A complete application must include the following to be considered:

• Completion of all required fields in the application
• Undergraduate transcripts
• One Recommendation (minimum)

If you have questions, send an email to Elizabeth Nelson at Elizabeth.Nelson@orau.org . Please include the reference code for this opportunity in your email.

The Minority Serving Institutions Partnership Program (MSIPP) Internships is a new program to promote the education and development of the next generation workforce in critical science, engineering, technology, and math (STEM) related disciplines that complement current and future missions of DOE national laboratories.  The MSIPP Internship program is designed to provide an enhanced training environment for next generation scientists and engineers by exposing them to research challenges unique to our industry. 

MSIPP Interns will be given the opportunity to complete Summer Internships aligned with ongoing U.S. Department of Energy Office of Environmental Management (DOE-EM) research under the direction of a host national laboratory.  The internship will be performed at the host national laboratory, utilizing their facilities and equipment under the guidance of a research staff member.

Minority Serving Institutions are institutions of higher education enrolling populations with significant percentages of undergraduate minority students. 

Background:  Monitoring the structural integrity of legacy radioactive infrastructure presents a particularly daunting challenge to facility managers and is of significant environmental concern.  These facilities typically face very harsh radioactive, temperature, chemical and corrosive loads that can cause infrastructure to be damaged and lead to environmental degradation.  Furthermore, the dangers associated with these facilities precludes the use of human inspectors.  Currently a variety of robotic techniques have been developed to facilitate the structural inspection of radioactive infrastructure.  These robotic solutions often rely on visual and ultrasonic techniques.  These techniques have seen some success but significant hurdles remain.  Two of the biggest challenges not addressed by current techniques are the inspection of very narrow, deep (~5 cm X 5 cm X tens of meters) channels as well as the inspection of the bottom of tanks covered in tens of centimeters of salt and other debris.  To further complicate the problem of inspecting the narrow, deep channels, it is also not uncommon that these channels are obstructed by debris and mud.  These challenges are particularly acute when inspecting the waste storage tanks at the Hanford site.  The nature of these challenges suggest that a robotic device with a worm-like profile may be appropriate to facilitate these inspections.  A number of robotic, worm-like robots have been developed over the years, but none of them are designed in such a way that they would be rugged enough for operations in underground environments at timescales useful for structural inspections.  The LANL Engineering Institute has been exploring an alternative approach that takes inspiration from the fruitful work done for surgical steerable needles.  Steerable needles made from superelastic nitinol wire with a beveled tip have been investigated for surgical applications for more than 10 years. 

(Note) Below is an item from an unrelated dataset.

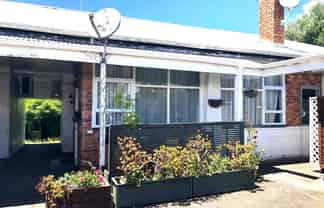 7/9 August Place, Greenlane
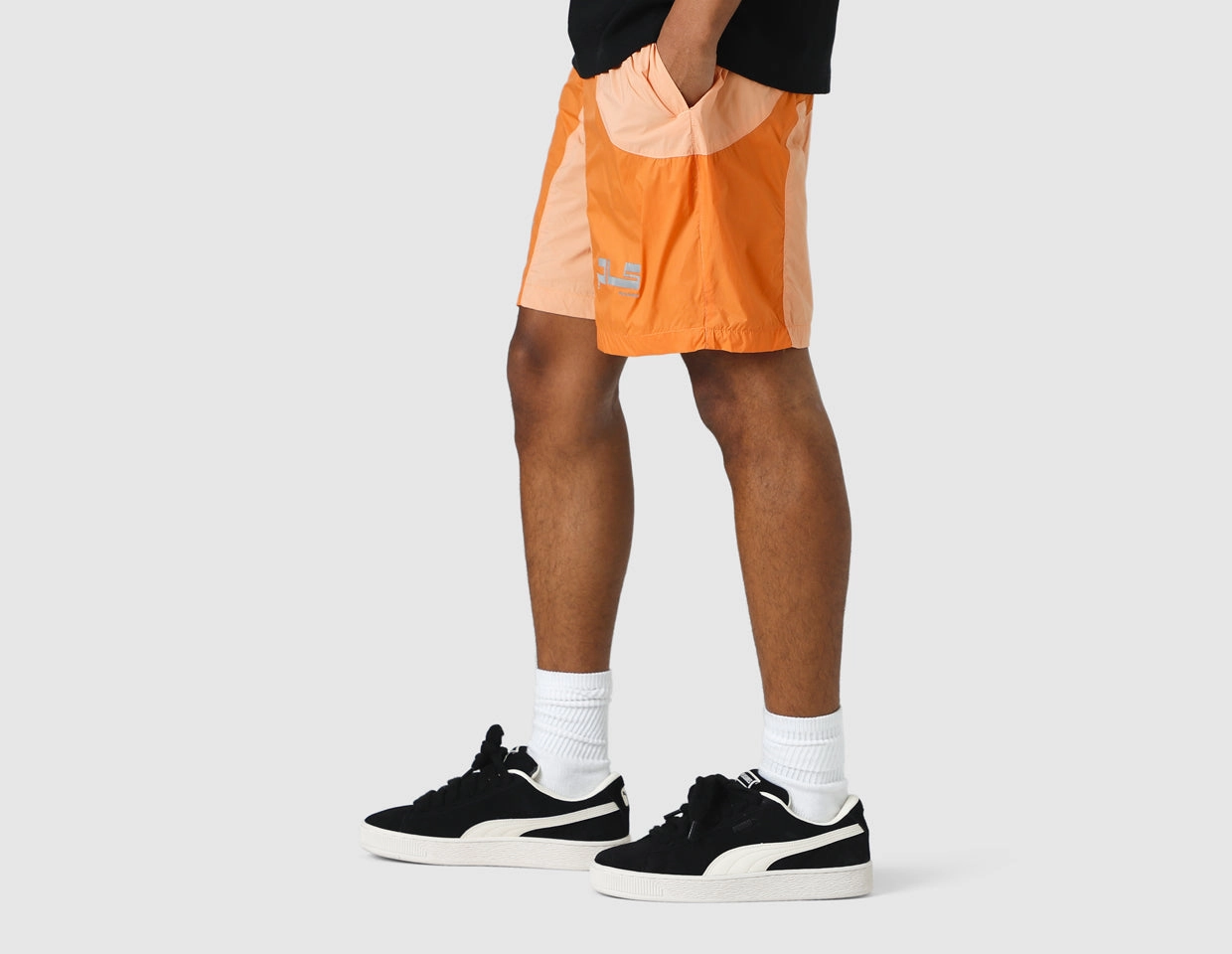 Pleasures BPM Shorts / Orange fade - resistant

Scope of Work:  This project will focus on building a demonstration of the steerable needle concept.  The demonstration of the concept will be made by creating a 3D maze made from clear plastic tubing and guiding the steerable needle through this maze to a goal point.  The maze will also feature mud and other debris in order to demonstrate the ability of the needle to pass through these obstacles.  We have already done some experiments manually guiding a superelastic nitinol wire through a simple PVC 3D maze.  We have identified the need for the ability to enable bi-directional bending of the needle time to facilitate navigating passageways.  We believe this can be achieved by adding shape memory alloy actuators to the needle tip.  The steerable needle itself will be propelled forward though the maze using a roller-drive system. 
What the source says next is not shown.